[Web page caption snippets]
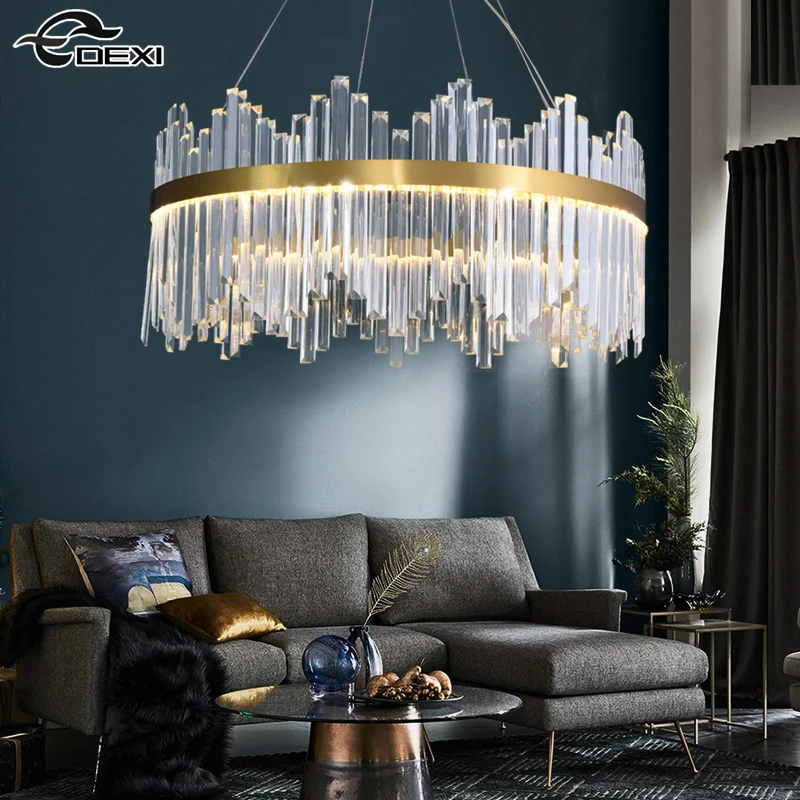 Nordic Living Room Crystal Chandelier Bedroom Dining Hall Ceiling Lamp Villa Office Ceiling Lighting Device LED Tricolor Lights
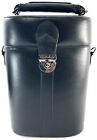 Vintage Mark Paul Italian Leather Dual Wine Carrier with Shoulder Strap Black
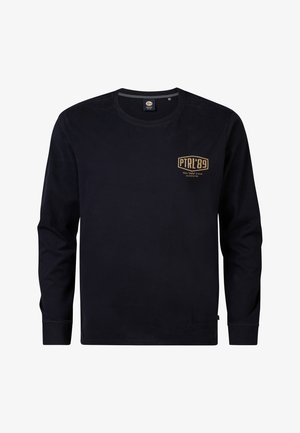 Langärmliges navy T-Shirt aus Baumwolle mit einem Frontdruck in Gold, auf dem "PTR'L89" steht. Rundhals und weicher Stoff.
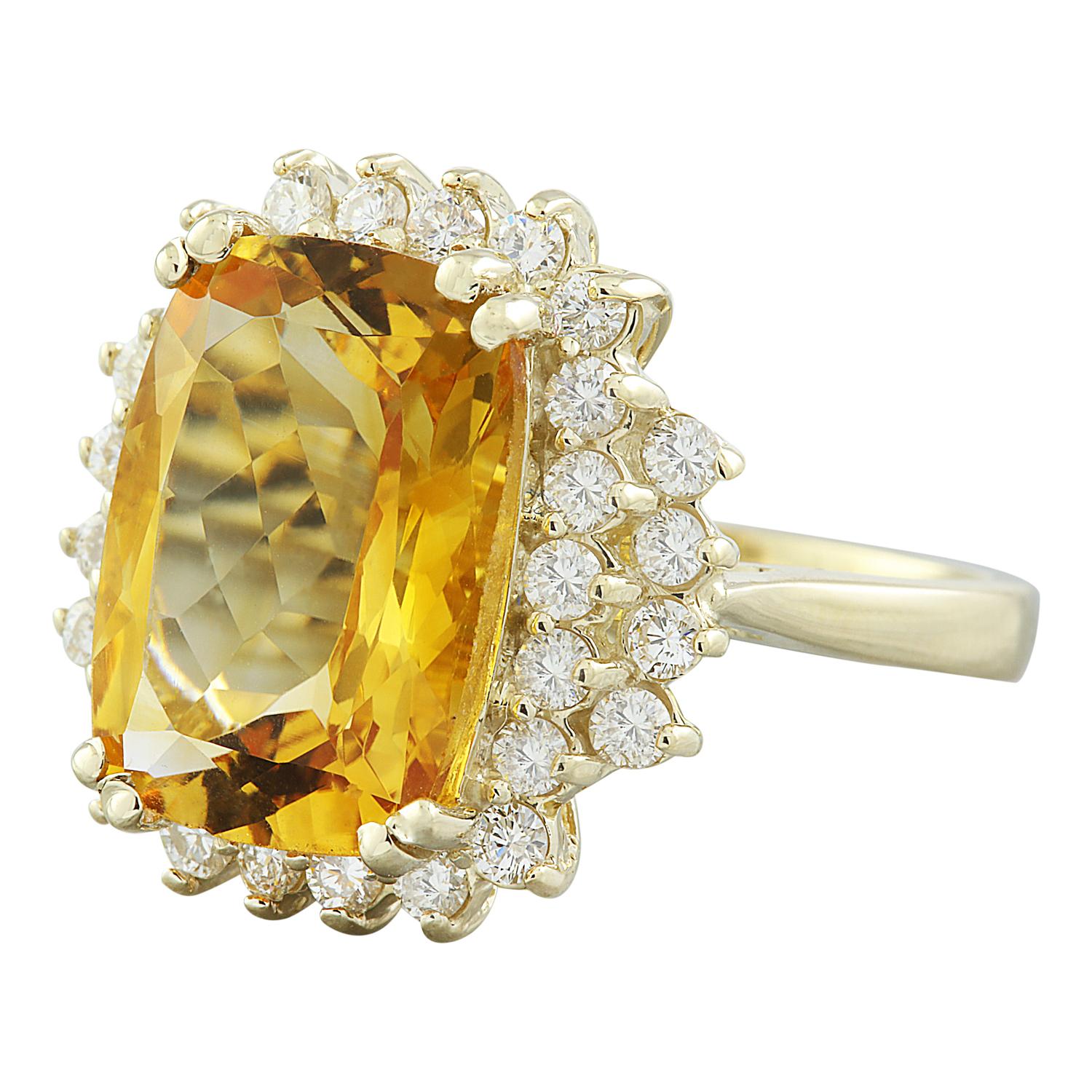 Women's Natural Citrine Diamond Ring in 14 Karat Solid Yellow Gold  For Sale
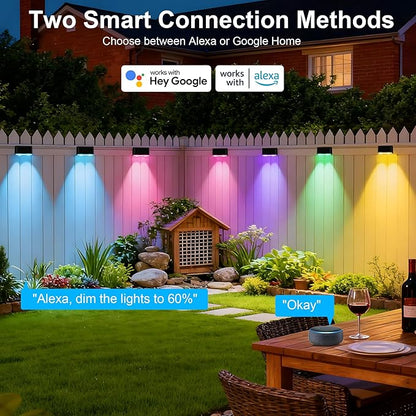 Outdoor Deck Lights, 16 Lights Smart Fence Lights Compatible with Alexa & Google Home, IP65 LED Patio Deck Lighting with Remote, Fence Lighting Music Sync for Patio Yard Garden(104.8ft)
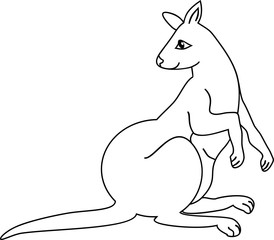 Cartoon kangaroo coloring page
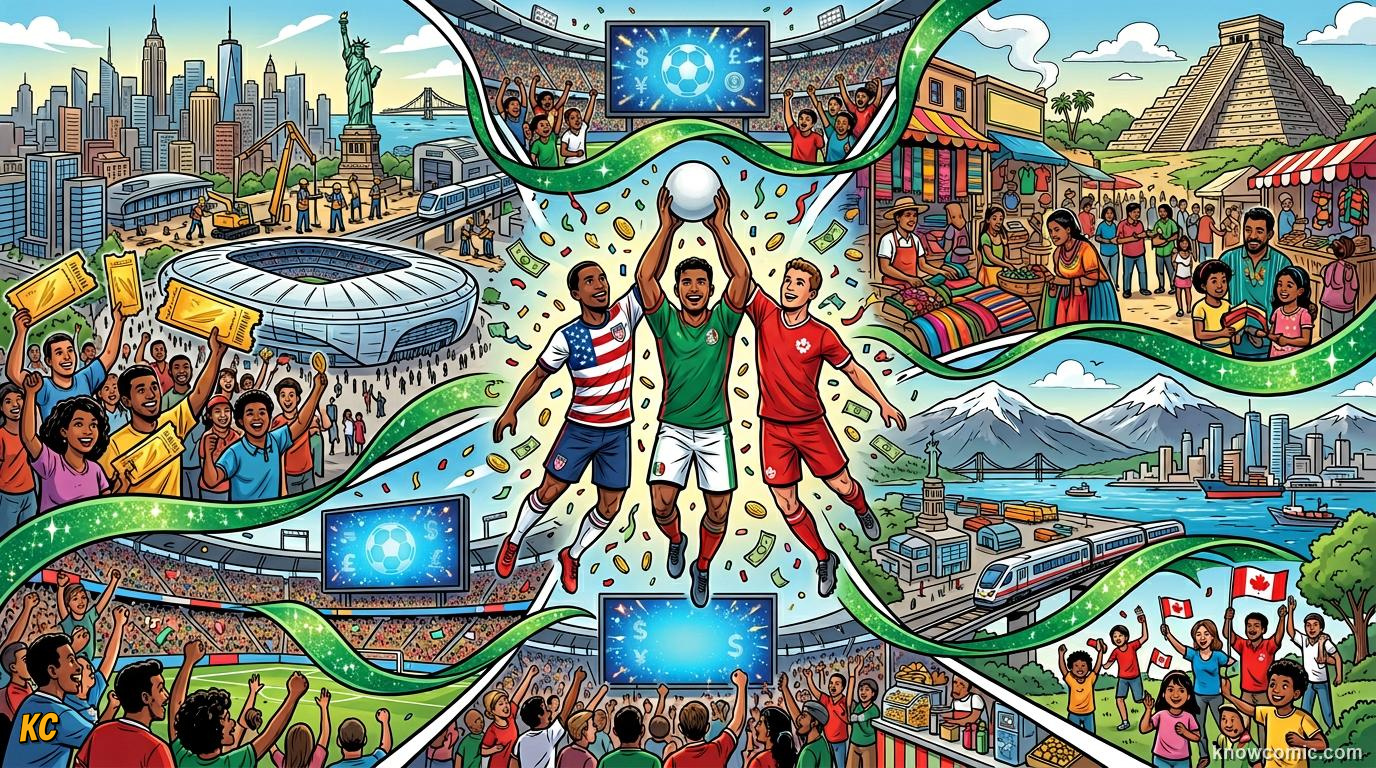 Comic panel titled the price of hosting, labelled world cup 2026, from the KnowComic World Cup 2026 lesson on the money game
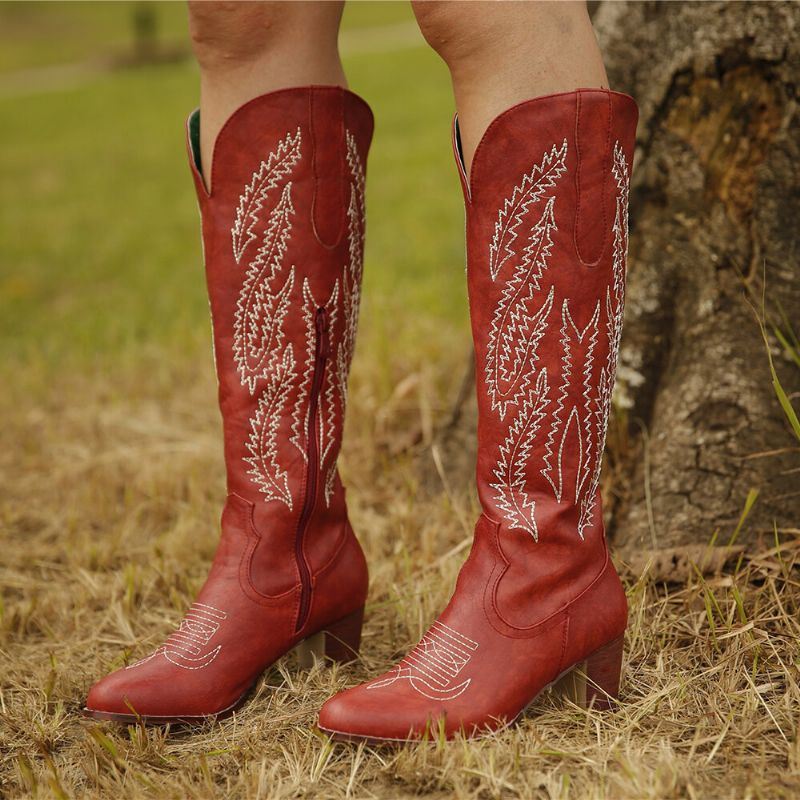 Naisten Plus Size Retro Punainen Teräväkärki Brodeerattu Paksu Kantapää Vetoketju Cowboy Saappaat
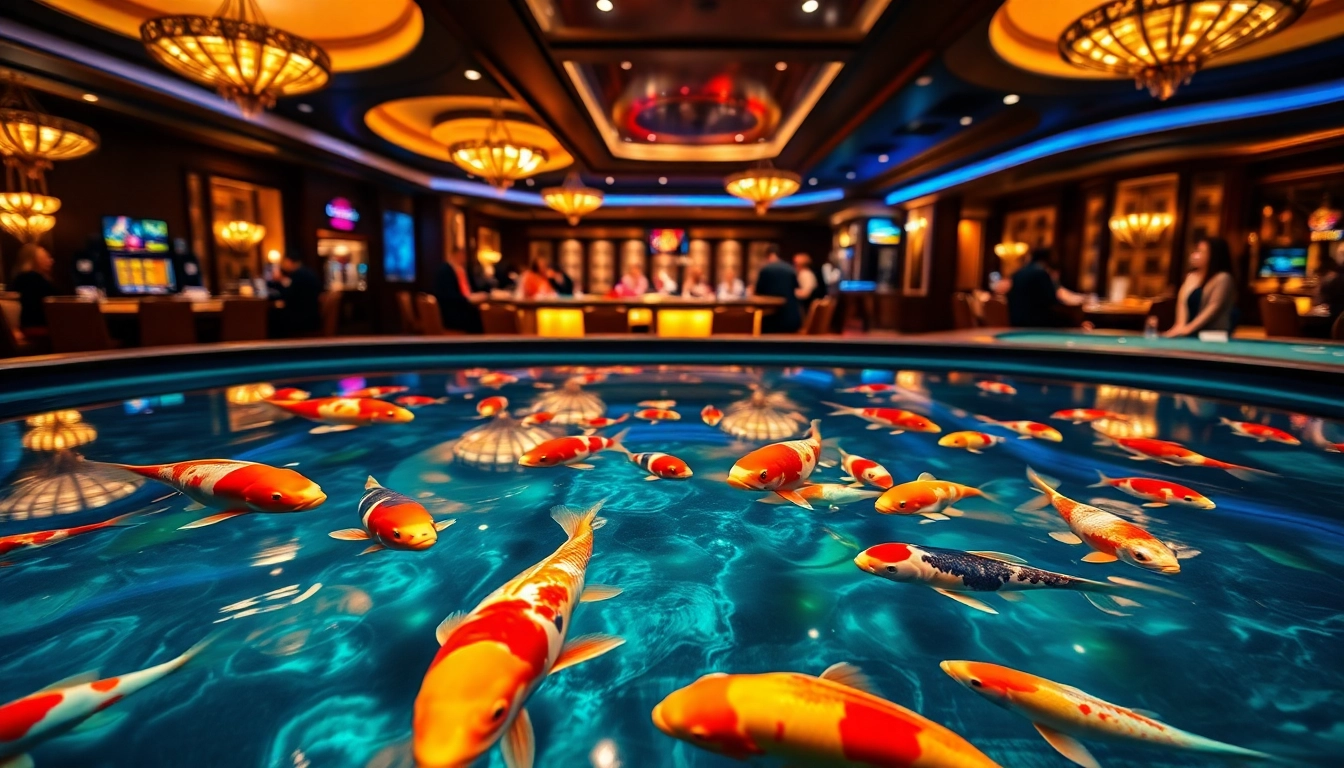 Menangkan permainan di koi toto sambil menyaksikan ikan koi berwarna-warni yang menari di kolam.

▶ **THE PROBLEM**
Take the records above and transcribe them exactly, dropping every picture.

▶ **PROBLEM SOLUTION**
 Nordic Living Room Crystal Chandelier Bedroom Dining Hall Ceiling Lamp Villa Office Ceiling Lighting Device LED Tricolor Lights
 Vintage Mark Paul Italian Leather Dual Wine Carrier with Shoulder Strap Black
 Langärmliges navy T-Shirt aus Baumwolle mit einem Frontdruck in Gold, auf dem "PTR'L89" steht. Rundhals und weicher Stoff.
 Women's Natural Citrine Diamond Ring in 14 Karat Solid Yellow Gold  For Sale
 Outdoor Deck Lights, 16 Lights Smart Fence Lights Compatible with Alexa & Google Home, IP65 LED Patio Deck Lighting with Remote, Fence Lighting Music Sync for Patio Yard Garden(104.8ft)
 Cartoon kangaroo coloring page
 Comic panel titled the price of hosting, labelled world cup 2026, from the KnowComic World Cup 2026 lesson on the money game
 Naisten Plus Size Retro Punainen Teräväkärki Brodeerattu Paksu Kantapää Vetoketju Cowboy Saappaat
 Menangkan permainan di koi toto sambil menyaksikan ikan koi berwarna-warni yang menari di kolam.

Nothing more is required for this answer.